# Improving readability on drill stand lettering



## GailInNM (Nov 15, 2008)

I like to keep a drill stand with my most common drills in it near the lathe and mill, but I have a hard time reading the numbers stamped on the drill stand. They are stamped in during manufacture before finishing, and then painted so there is very little contrast between the lettering and the background. To improve the contrast, I fill the stamped in numbers with Lacquer-Stik, a solid paint stick made for filling engravings. It is available from many sources at prices from about $1.70 to $3.50 a stick. To use it you have to cut off a thin slice from the end where the paint has dried and then rub in into the lettering. Just wipe off the excess with a paper towel afterwards. It takes a day or two for the paint to completely cure, but you just have to be a little careful with it and you can use it right away. The paint sticks come in a variety of colors and can be used to renew the engraving on machinery dials also.

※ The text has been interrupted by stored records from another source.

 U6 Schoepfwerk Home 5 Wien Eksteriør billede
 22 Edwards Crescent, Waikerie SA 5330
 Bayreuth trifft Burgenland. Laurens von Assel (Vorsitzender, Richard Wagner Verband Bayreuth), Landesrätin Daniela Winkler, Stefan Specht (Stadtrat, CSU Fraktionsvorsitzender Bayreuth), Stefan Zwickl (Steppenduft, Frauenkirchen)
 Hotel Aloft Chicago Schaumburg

HUOT drill stand as purchased






After rubbing with a paint stick





and then wiped with paper towel





and a closeup.





One of many places to purchase Lacquer-Stik's. If you have an engravers supply in your area they will probably have them also.
http://www.micro-tools.com/store/SearchByCategory.aspx?CategoryCode=PAI

Gail in NM,USA


----------



## wareagle (Nov 15, 2008)

Gail, this is an excellent tip. I am sure many of us can benefit from this little trick!


----------



## jack404 (Nov 16, 2008)

I JUST NOTICED THE NUMBERS ON MINE !!! had it over a year but could not see it until you posted this

thanks for the tip Gail

another job on the must do list  :bow: :bow: :bow:

cheers

jack


----------



## BobWarfield (Nov 16, 2008)

That came out looking extremely nice!

BW


----------



## tel (Nov 16, 2008)

jack404  said:
			
		

> I JUST NOTICED THE NUMBERS ON MINE !!! had it over a year but could not see it until you posted this
> 
> thanks for the tip Gail
> 
> ...



Oi Jack, if you are going to order some can you grab a black and a white for me as well?
Hope to be down to H&F before Xmas, so we'll catch up then


----------



## jack404 (Nov 17, 2008)

stick paint ?? no worries

cheers


----------



## tel (Nov 17, 2008)

Yeah mate, stick paint - that'd be like trying to find powdered unicorn horn up 'ere.


----------



## minerva (Nov 17, 2008)

Hi Guys,
for all you UK based members this product is sold (mail order)
by H. Walsh the jewelery materials suppliers:
 http://www.hswalsh.com/Soft_Wax_Filler_.aspx?i=TE34531&c=588
hope the info is of some use.

Regards to all

Terry


----------



## GailInNM (Nov 17, 2008)

Terry,
The wax fill sticks will work, but they are not as durable as the solid paint. They work the same way and look the same, but they are not as durable and may have to be redone at intervals. The solid paint cures and adheres to the base item and becomes quite resistant to getting rubbed off. I should have mentioned in my original post that the item being filled should be wiped down with alcohol or other mild solvent to promote adhesion. I have seen references to people who have used wax sticks, and even children's crayons, to fill and then over coated with a spray on clear paint, but I have never tried it myself.
Gail in NM,USA


----------



## shred (Nov 17, 2008)

Markal makes 'Paintstiks' that also appear to be the right thing, though I've not tried them. There may be distributors in the antipodes.


----------



## jack404 (Nov 17, 2008)

Here in Oz we have a place in Sydney called Graphic Art Mart,

and these guys get anything if they aint got it they'll get it

i have the red lacquer stik from them for marking red dot on safeties etc and the F for fire on rifles and such , i would hate to use a wax substance on a gun with the solvents folks use on them at times, This stuff last through hard solvents and really only is removed like other coatings etc with sand blasting ( i use cornflour as its softer)

tel 

they did say they where outta black and only had 1 white stick left but will get some in by the 11th Dec so if your here and gone before then i'll post it on to you  as usual the OZ price is triple the US price

$9.90 a stick ( $7.95 price sticker still on my red stick but thats 2 years old)

cheers  

jack


----------



## tel (Nov 17, 2008)

Thanks cobber, I've sort of half decided on the 12th, which might make it a bit tight. Got Dr's appointments and things on the following week, and after that the dreaded Xmas, complete with fluffy reindeer.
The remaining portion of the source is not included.